L'ONU met fin au mandat d'intervention militaire en Libye

Le Conseil de sécurité de l\'ONU, à New York (Etats-Unis), le 26 septembre 2011.
Le Conseil de sécurité de l'ONU, à New York (Etats-Unis), le 26 septembre 2011. (SHANNON STAPLETON / REUTERS)

Le Conseil de sécurité de l'ONU rejette ainsi les demandes du gouvernement de transition libyen, qui souhaitait que l'Otan reste au moins trois mois de plus.

Le Conseil de sécurité de l'ONU a adopté jeudi 27 octobre à l'unanimité une résolution mettant fin au mandat autorisant le recours à la force en Libye, en dépit des appels du gouvernement de transition libyen pour sa prolongation. La résolution ordonne la fin de toute action militaire dès le 1er novembre. L'Otan, qui a mené cette intervention décisive dans la chute du colonel Kadhafi, doit proclamer officiellement vendredi à Bruxelles la fin des frappes aériennes qui durent depuis sept mois.

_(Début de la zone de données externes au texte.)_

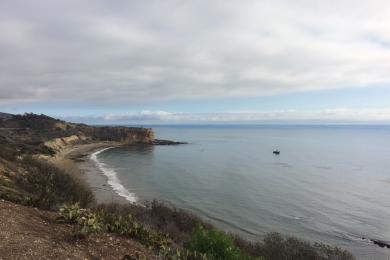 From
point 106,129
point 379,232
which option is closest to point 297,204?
point 379,232

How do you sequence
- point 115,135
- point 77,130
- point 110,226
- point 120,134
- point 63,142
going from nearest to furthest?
point 110,226
point 63,142
point 77,130
point 115,135
point 120,134

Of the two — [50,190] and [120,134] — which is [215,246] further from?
[120,134]

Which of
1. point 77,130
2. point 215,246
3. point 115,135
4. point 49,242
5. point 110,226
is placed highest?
point 77,130

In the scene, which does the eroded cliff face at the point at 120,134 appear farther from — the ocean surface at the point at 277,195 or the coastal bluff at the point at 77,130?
the ocean surface at the point at 277,195

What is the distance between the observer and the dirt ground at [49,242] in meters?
7.14

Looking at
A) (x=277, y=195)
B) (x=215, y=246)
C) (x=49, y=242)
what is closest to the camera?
(x=49, y=242)

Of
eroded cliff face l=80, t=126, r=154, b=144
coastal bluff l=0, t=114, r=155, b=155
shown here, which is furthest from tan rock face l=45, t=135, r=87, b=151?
eroded cliff face l=80, t=126, r=154, b=144

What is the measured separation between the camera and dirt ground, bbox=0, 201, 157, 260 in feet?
23.4

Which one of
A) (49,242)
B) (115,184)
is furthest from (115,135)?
(49,242)

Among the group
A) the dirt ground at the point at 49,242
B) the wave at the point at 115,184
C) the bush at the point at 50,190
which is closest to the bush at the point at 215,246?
the dirt ground at the point at 49,242

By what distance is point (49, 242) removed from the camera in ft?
25.4

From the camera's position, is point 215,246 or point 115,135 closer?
point 215,246

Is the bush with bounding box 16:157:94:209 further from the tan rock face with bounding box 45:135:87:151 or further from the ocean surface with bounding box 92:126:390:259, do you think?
the tan rock face with bounding box 45:135:87:151

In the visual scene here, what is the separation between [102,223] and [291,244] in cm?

Le Conseil national de transition (CNT) avait demandé le maintien de l'Otan en Libye au moins "jusqu'à la fin de l'année", assurant que les derniers fidèles de Mouammar Kadhafi représentaient une menace pour le pays. Le CNT bénéficiera toutefois d'un allègement de l'embargo international sur les armes, de manière à ce qu'il puisse en acquérir pour assurer la sécurité nationale.

Une décision saluée 

Le ministre britannique des Affaires étrangères, William Hague, a parlé d'"une nouvelle étape importante vers un avenir pacifique et démocratique pour la Libye". "La fin de la zone d'exclusion aérienne et des dispositions visant à protéger les civils démontre que la Libye est entrée dans une nouvelle ère", a ajouté le ministre, dont le pays, avec la France, a été en pointe dans l'intervention de l'Otan.

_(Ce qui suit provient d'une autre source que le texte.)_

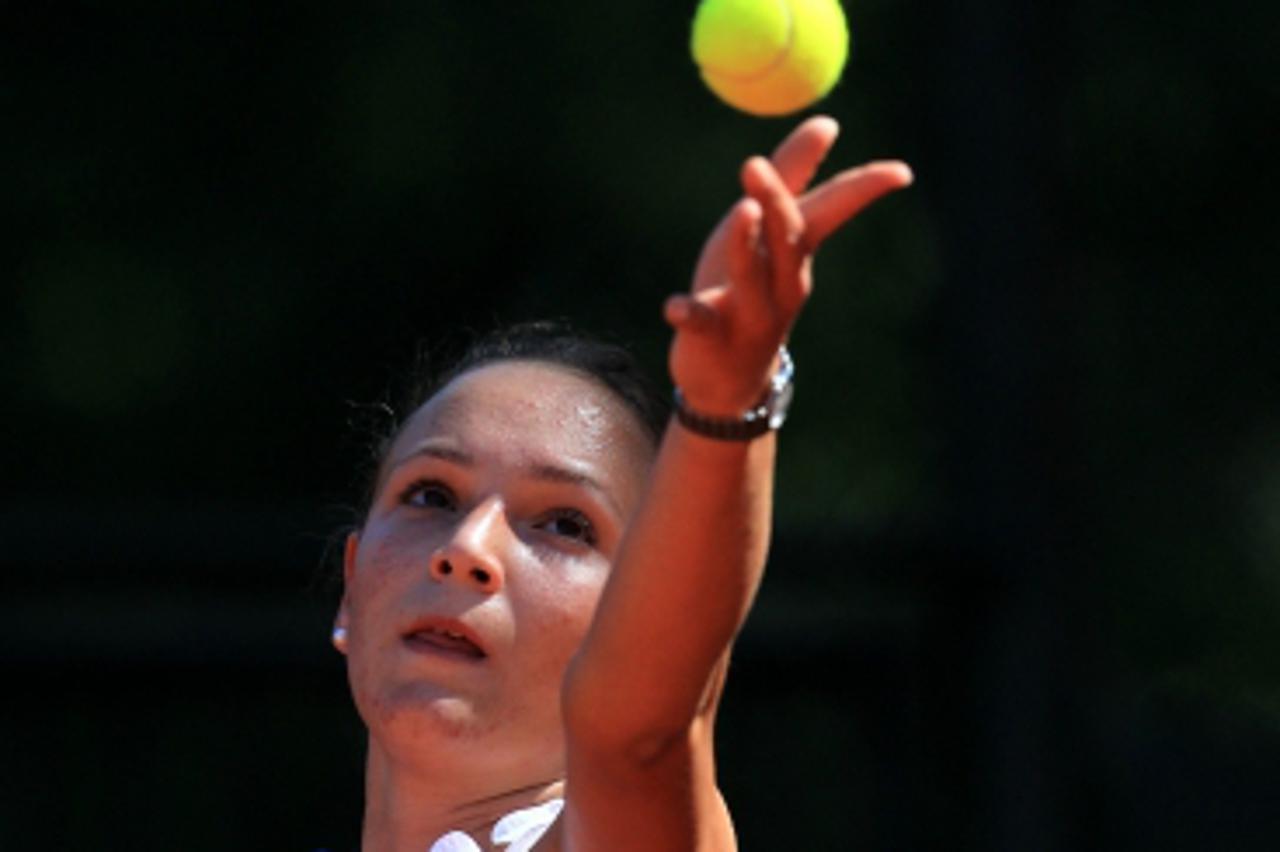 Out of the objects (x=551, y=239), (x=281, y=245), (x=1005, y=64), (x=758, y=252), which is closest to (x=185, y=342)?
(x=281, y=245)

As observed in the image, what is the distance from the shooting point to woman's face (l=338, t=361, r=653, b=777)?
2.31m

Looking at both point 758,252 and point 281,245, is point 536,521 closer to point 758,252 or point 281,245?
point 758,252

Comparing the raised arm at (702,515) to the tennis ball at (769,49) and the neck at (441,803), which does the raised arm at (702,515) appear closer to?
the tennis ball at (769,49)

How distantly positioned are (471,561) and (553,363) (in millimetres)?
351

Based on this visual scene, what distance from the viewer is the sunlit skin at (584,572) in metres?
1.81

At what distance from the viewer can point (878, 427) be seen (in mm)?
4855

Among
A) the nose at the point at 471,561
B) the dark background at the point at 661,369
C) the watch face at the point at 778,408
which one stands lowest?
the watch face at the point at 778,408

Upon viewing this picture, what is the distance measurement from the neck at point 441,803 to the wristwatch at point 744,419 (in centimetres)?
64

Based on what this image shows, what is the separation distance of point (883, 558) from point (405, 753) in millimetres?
2004

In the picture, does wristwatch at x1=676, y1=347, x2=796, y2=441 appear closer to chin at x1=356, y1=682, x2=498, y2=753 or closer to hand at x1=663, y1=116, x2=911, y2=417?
hand at x1=663, y1=116, x2=911, y2=417

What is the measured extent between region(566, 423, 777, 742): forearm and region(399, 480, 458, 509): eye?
0.61 metres

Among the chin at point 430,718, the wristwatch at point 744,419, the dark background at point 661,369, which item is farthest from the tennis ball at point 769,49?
the dark background at point 661,369

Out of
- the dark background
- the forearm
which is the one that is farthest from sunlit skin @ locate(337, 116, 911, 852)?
the dark background

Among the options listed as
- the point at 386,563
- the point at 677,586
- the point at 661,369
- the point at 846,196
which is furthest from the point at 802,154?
the point at 661,369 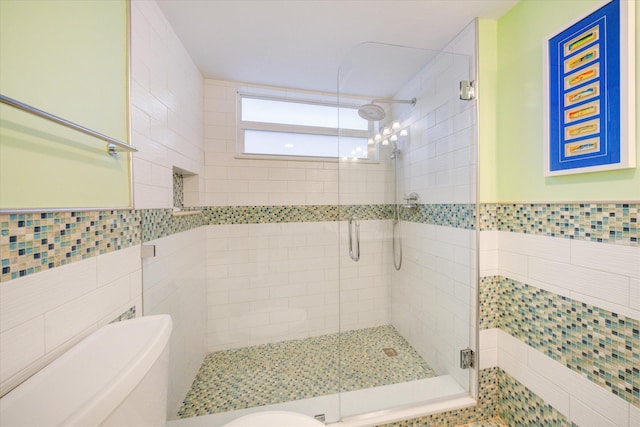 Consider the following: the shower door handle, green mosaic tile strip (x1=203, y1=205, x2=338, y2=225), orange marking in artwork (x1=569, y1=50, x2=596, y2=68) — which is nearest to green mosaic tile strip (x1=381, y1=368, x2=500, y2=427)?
the shower door handle

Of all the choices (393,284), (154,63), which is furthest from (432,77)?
(154,63)

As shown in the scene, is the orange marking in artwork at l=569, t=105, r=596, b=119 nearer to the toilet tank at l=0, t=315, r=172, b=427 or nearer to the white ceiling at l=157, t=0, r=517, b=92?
the white ceiling at l=157, t=0, r=517, b=92

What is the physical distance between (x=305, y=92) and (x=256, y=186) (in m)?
1.02

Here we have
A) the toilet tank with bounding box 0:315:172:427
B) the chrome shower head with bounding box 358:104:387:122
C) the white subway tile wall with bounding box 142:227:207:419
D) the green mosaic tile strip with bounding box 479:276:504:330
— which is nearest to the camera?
the toilet tank with bounding box 0:315:172:427

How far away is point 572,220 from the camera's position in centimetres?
109

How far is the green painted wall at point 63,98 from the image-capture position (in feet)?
1.91

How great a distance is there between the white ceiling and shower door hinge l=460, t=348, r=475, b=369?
6.57 ft

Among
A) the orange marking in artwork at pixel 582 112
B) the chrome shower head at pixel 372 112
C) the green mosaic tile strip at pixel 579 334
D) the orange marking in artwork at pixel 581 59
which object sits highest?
the chrome shower head at pixel 372 112

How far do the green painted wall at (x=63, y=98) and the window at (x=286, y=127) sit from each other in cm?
121

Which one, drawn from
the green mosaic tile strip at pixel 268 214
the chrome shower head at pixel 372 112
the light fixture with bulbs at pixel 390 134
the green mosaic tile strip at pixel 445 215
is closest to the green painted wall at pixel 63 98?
the green mosaic tile strip at pixel 268 214

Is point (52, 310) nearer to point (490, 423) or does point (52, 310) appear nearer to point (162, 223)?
point (162, 223)

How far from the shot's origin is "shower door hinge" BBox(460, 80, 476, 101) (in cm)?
149

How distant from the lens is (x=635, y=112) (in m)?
0.88

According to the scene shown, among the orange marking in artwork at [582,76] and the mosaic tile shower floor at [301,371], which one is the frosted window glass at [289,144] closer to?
the orange marking in artwork at [582,76] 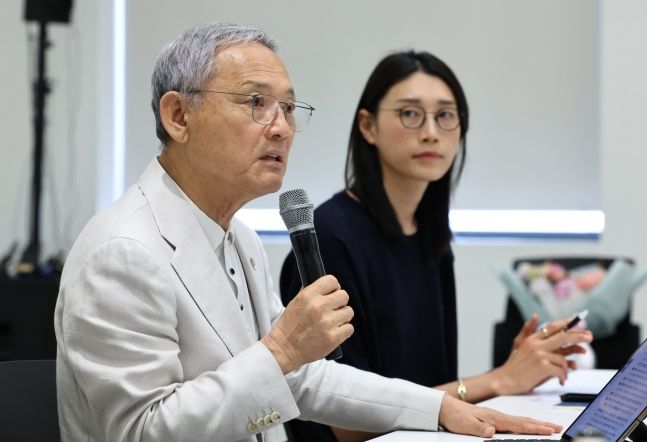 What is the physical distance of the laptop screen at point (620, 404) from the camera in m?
1.62

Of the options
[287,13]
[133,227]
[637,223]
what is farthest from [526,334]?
[287,13]

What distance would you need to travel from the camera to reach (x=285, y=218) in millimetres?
1732

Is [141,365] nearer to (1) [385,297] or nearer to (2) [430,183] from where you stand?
(1) [385,297]

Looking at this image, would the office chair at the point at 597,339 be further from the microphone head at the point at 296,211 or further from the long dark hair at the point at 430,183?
the microphone head at the point at 296,211

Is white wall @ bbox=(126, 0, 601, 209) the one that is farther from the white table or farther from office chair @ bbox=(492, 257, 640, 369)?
the white table

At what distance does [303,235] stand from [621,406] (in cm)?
63

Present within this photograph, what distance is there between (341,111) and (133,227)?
399cm

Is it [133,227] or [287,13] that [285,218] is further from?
[287,13]

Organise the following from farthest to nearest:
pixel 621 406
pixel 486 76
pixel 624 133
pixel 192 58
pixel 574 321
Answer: pixel 486 76, pixel 624 133, pixel 574 321, pixel 192 58, pixel 621 406

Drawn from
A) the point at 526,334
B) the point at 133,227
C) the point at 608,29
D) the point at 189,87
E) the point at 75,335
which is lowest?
the point at 526,334

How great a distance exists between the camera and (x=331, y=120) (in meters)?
5.59

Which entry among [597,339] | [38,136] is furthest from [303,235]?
[38,136]

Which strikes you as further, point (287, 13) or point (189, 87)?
point (287, 13)

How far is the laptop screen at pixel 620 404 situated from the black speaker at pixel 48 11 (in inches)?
187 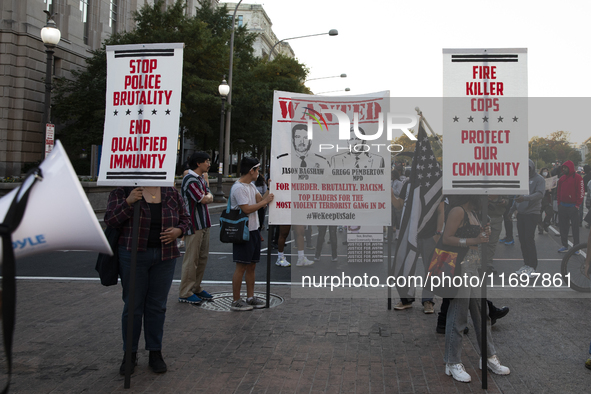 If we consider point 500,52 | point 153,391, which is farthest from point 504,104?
point 153,391

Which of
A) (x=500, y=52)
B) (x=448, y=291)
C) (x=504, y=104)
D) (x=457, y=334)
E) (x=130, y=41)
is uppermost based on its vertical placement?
(x=130, y=41)

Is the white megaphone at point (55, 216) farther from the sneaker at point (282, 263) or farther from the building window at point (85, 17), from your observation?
the building window at point (85, 17)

L'ambassadeur de France à l'ONU, Gérard Araud, a exprimé la "fierté" de son pays pour avoir pris part aux opérations. "Il s'agissait de la libération de la Libye avec le soutien de tous les pays qui voulaient être partie prenante de cette expérience magnifique." Son homologue américaine, Susan Rice, a parlé d'"une perspective d'une Libye libre (...) avec la participation de tout le peuple, quels que soient le sexe et la religion."